Direkt zum Hauptbereich

Onboarding im Projekt: Worauf besonders zu achten ist.

Thomas Michl schreibt in seinem Blog, dass der richtige Projektstart häufig vernachlässigt wird. Aber worauf muss man eigentlich achten?

Über Toms Gedankenblog /1/ finde ich immer wieder interessante Beiträge von Kollegen. Zum Beispiel hat sich Holger Zimmerman in seinem Blog Gedanken über das Onboarding in Projekten gemacht /2/. Er schildert ein Problem, das ich besonders aus großen Unternehmen kenne: Das Unternehmen gewinnt (oder bekommt) einen Projektauftrag, aber es ist noch gar nicht klar, wen man nun für das Projekt braucht bzw. wer überhaupt zur Verfügung steht. Holgers Idee ist, mit einem vorläufigen Projektteam zu starten. Auch seinen Vorschlag zum Ablauf des ersten Treffens finde ich nachvollziehbar.

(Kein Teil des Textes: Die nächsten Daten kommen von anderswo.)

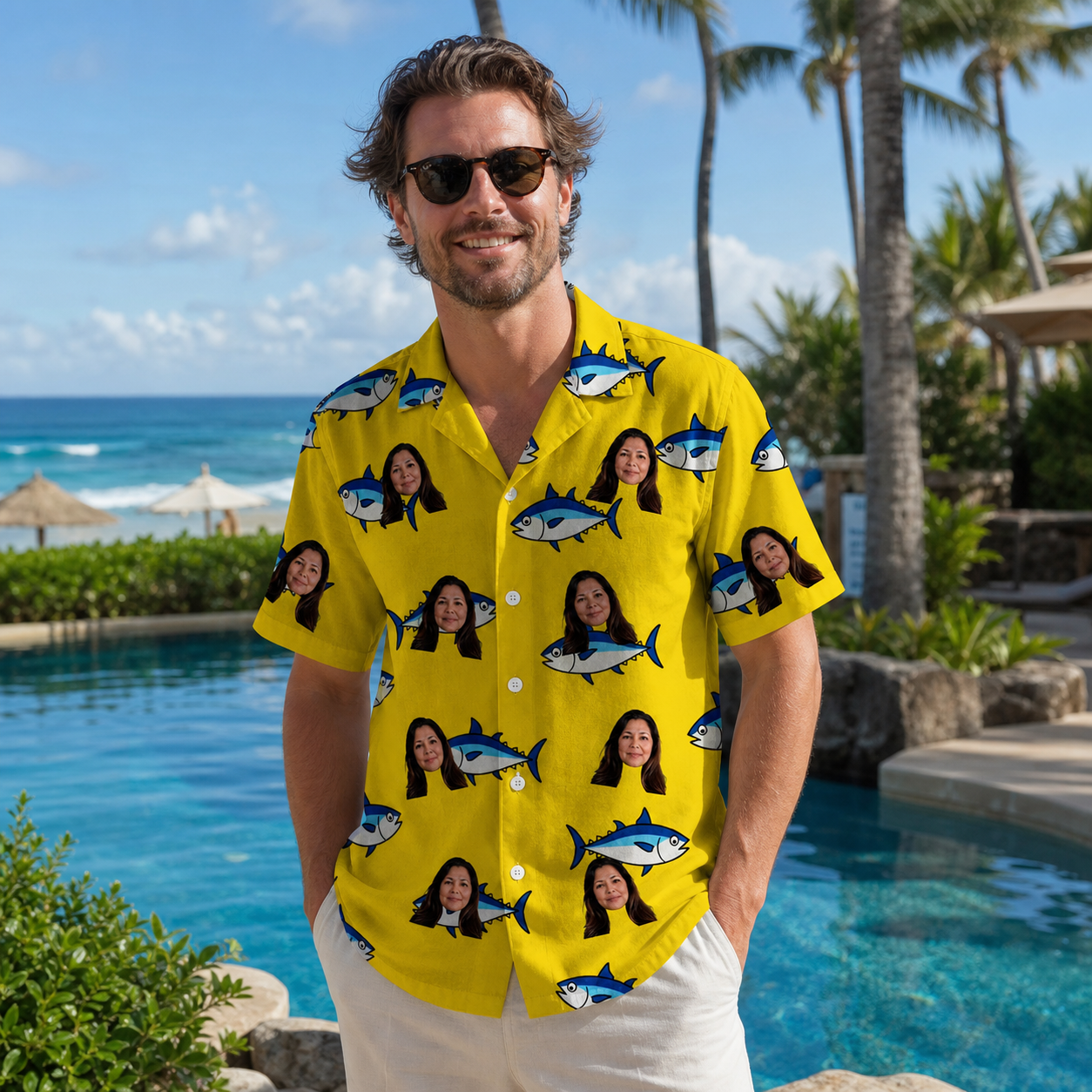 Real-life photo of someone wearing Men's Bluefin Banter Custom Face Hawaiian Shirt — custom faces printed all-over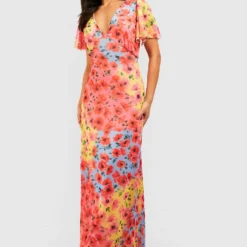 Petite - Robe Longue Fleurie En Mesh -Pas Cher Vêtue Diva Magasin gzz54207 blue xl 2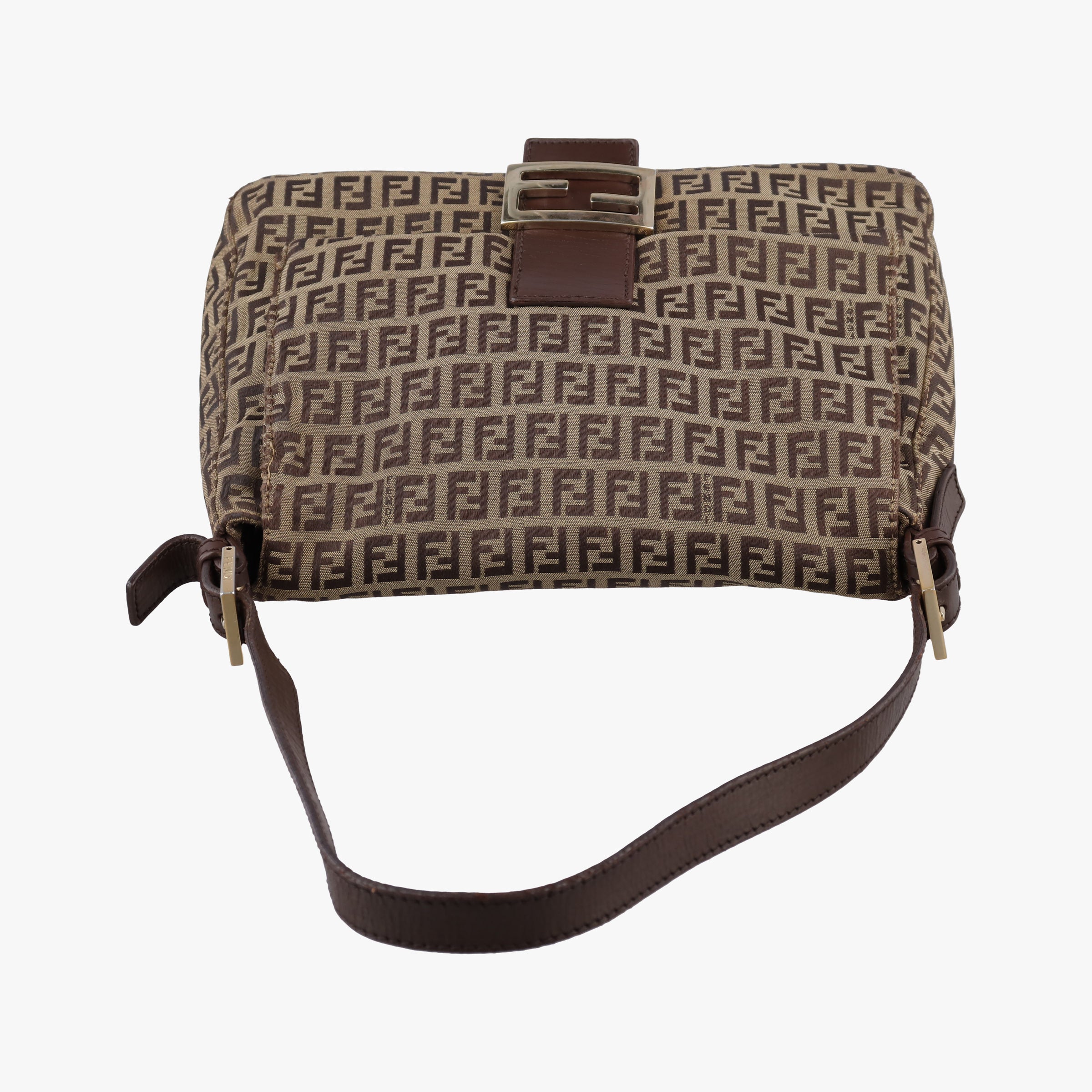 Pre-owned Fendi Baguette Zucchino Brown canvasxLeather 8BR01 handbag | stylenewstar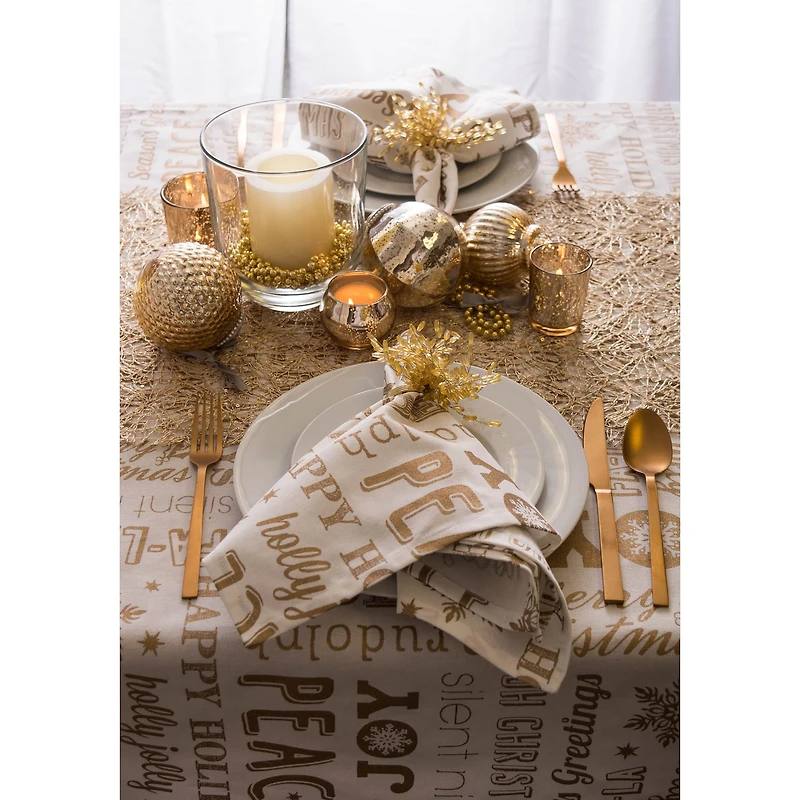 DII® 84" Gold Christmas Collage Tablecloth
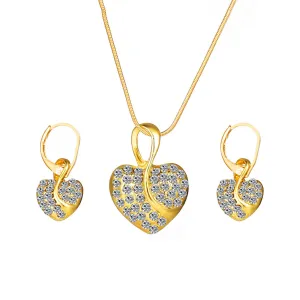 Cubic Zirconia & 18K Gold-Plated Heart Leverback Earrings Set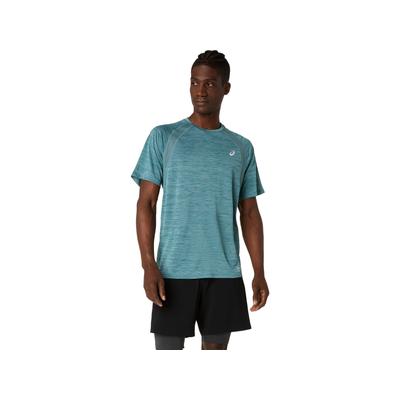 Laufshirt ASICS "ROAD SS TOP", Herren, Gr. S, blau (foggy teal), Obermaterial: 100% Polyester, Shirts Laufshirt, ACTIBREEZE™ Technologie, Atmungsaktiv, Reflektierend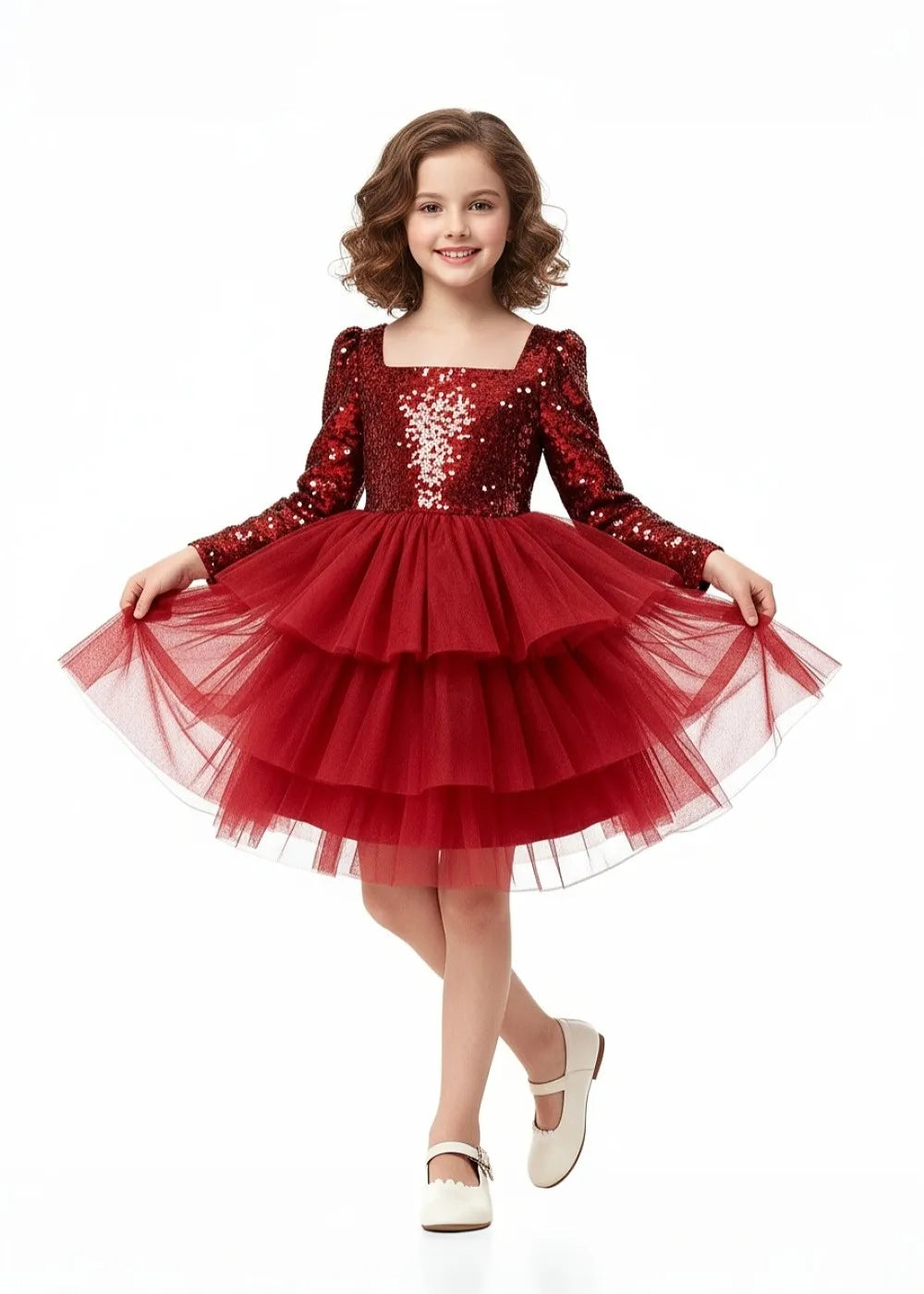 Red Sequin Flower Girl Dress – Tulle Layered Girls Christmas Dress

Aus meiner Sicht ist aber schon im Vorfeld einiges nicht rund gelaufen. Stellen Sie sich vor, Sie betreiben ein italienisches Restaurant. Zur Mittagszeit ist die Bude voll. Ein Gast drängelt sich bis zum Tresen vor und sagt, er warte jetzt auf sein Essen.
  • Mitarbeiter: "Was haben Sie denn bestellt?"
  • Gast: "Ente süß-sauer. Wann kommt mein Essen?"
  • Mitarbeiter: "Tut mir leid. Wir haben nur italienische Küche. Chinesisches Essen können wir leider nicht."
  • Gast: "Das hat mich auch gewundert. Aber Ihr Chef hat gesagt, ich könnte solch ein Gericht bekommen. Also, wann ist es fertig. Nehmen Sie einfach ein Kochbuch. So schwer wird das ja nicht sein."
  • Mitarbeiter: "Hm, das hat mein Chef gesagt? Wir haben ein Kochbuch. Aber wir haben nicht die Zutaten und Sie sehen, was hier los ist. Wir können jetzt nicht Ente süß-sauer kochen."
  • Gast: "Oh ich habe den Rest des Tages Zeit. Das Essen ist mir wirklich sehr wichtig. Ich bezahle auch gern einen höheren Preis."
Sie können nun ein perfektes Onboarding für dieses Projekt machen: Wer kümmert sich um den Einkauf? Wer könnte schon mal mit den Vorbereitungen anfangen? Was sind die Spielregeln?"

Sie können sich auch die Situation des Chefs vorstellen: "Da hole ich einen guten Auftrag rein und nun kümmert sich keiner."

Kein Auftrag ohne Auftragsteam

An dem Beispiel wird hoffentlich deutlich, dass Onboarding gar nicht einfangen kann, was hier schief gelaufen ist:
  • Wie kann der Chef einen Auftrag annehmen, ohne zu klären, wer dafür Zeit hat?
  • Wie kann man einen Auftrag annehmen, ohne sich zu vergewissern, dass das Unternehmen die richtigen Kompetenzen hat?
  • Wieso soll ein Auftrag bearbeitet werden, der für keinen wichtig ist? Wenn er wichtig wäre, gäbe es ja Leute, die so etwas auf ihrer strategischen Agenda stehen haben.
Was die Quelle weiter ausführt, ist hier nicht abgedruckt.